Exercise objective =>
For the listing below, return the line containing "青苤兰天津菜青苤兰种子农田菜园可盆栽早熟水果绿苤", the line containing "Private Bairrada Wine", and all lines in between, exactly as written and nothing else.

Provided records =>
+++

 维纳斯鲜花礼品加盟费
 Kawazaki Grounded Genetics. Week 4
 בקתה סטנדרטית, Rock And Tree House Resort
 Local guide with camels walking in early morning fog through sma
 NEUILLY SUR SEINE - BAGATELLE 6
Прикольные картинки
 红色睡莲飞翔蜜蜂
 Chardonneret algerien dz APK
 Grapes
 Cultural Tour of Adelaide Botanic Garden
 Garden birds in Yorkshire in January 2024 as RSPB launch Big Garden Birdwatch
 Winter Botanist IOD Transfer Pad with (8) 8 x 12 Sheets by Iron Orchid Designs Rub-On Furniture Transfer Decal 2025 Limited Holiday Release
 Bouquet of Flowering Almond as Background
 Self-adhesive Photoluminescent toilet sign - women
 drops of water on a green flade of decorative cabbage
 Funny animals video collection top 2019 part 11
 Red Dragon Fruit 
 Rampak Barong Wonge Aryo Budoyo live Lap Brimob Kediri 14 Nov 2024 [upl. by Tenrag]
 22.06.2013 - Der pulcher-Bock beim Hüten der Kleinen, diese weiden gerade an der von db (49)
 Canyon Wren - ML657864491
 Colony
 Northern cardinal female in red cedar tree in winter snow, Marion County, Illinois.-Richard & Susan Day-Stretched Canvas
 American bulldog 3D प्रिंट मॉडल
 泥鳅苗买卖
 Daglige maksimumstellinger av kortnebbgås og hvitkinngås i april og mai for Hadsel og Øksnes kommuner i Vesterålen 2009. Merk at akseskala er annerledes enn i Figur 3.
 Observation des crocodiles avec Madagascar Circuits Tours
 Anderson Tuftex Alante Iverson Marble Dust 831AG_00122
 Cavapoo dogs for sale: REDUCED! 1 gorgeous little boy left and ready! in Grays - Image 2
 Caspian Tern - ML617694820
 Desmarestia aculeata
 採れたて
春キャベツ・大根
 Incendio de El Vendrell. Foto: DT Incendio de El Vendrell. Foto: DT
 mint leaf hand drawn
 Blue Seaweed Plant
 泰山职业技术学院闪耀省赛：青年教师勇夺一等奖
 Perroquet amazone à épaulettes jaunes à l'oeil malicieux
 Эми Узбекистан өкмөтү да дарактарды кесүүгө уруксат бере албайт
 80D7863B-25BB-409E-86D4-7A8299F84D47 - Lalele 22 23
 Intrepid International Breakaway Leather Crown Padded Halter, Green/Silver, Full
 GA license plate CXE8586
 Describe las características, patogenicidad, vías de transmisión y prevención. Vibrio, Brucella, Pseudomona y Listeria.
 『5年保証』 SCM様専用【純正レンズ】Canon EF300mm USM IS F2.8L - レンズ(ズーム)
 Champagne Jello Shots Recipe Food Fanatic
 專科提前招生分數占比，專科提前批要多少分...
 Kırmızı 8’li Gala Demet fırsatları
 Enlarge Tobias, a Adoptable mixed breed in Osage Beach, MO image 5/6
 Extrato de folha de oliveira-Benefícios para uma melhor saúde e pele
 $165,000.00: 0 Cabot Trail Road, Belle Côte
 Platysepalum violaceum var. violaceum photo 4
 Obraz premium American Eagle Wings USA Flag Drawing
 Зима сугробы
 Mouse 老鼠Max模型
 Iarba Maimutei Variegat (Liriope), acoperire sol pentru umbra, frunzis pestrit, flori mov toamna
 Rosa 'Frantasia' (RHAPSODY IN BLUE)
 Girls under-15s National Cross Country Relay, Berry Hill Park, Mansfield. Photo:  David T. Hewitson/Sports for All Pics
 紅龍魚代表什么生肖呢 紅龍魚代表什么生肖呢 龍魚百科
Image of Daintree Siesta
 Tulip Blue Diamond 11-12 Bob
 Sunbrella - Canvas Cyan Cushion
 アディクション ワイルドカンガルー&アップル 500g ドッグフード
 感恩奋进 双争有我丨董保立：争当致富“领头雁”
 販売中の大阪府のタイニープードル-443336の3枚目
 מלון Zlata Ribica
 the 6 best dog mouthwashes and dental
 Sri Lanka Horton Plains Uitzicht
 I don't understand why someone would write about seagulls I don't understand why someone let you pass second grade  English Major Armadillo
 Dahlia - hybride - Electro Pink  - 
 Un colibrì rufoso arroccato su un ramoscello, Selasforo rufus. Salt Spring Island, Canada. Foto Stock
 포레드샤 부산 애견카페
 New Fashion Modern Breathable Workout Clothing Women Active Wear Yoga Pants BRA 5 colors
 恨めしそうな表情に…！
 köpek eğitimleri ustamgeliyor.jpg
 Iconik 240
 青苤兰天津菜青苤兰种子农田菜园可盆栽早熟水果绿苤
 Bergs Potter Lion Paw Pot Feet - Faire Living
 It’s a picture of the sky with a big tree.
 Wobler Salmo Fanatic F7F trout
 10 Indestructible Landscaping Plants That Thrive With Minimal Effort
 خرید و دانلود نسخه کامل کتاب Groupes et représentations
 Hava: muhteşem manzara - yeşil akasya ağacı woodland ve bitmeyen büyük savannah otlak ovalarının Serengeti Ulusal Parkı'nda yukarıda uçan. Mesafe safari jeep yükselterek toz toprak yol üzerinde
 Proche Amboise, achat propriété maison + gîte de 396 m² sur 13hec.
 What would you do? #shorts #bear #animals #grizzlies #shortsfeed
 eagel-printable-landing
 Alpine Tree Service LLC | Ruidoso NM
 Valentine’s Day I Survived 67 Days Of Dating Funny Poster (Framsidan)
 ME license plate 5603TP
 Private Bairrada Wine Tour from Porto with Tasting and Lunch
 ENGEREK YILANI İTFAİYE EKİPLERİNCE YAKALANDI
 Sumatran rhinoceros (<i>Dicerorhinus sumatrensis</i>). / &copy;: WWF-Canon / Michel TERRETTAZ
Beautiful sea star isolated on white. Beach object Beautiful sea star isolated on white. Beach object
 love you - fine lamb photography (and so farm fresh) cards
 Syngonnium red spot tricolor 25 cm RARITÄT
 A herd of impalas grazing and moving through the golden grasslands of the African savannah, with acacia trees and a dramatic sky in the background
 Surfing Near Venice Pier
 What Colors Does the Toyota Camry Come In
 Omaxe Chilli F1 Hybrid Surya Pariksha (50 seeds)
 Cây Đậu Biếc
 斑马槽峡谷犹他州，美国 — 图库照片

+++

Response to this task =>
 青苤兰天津菜青苤兰种子农田菜园可盆栽早熟水果绿苤
 Bergs Potter Lion Paw Pot Feet - Faire Living
 It’s a picture of the sky with a big tree.
 Wobler Salmo Fanatic F7F trout
 10 Indestructible Landscaping Plants That Thrive With Minimal Effort
 خرید و دانلود نسخه کامل کتاب Groupes et représentations
 Hava: muhteşem manzara - yeşil akasya ağacı woodland ve bitmeyen büyük savannah otlak ovalarının Serengeti Ulusal Parkı'nda yukarıda uçan. Mesafe safari jeep yükselterek toz toprak yol üzerinde
 Proche Amboise, achat propriété maison + gîte de 396 m² sur 13hec.
 What would you do? #shorts #bear #animals #grizzlies #shortsfeed
 eagel-printable-landing
 Alpine Tree Service LLC | Ruidoso NM
 Valentine’s Day I Survived 67 Days Of Dating Funny Poster (Framsidan)
 ME license plate 5603TP
 Private Bairrada Wine Tour from Porto with Tasting and Lunch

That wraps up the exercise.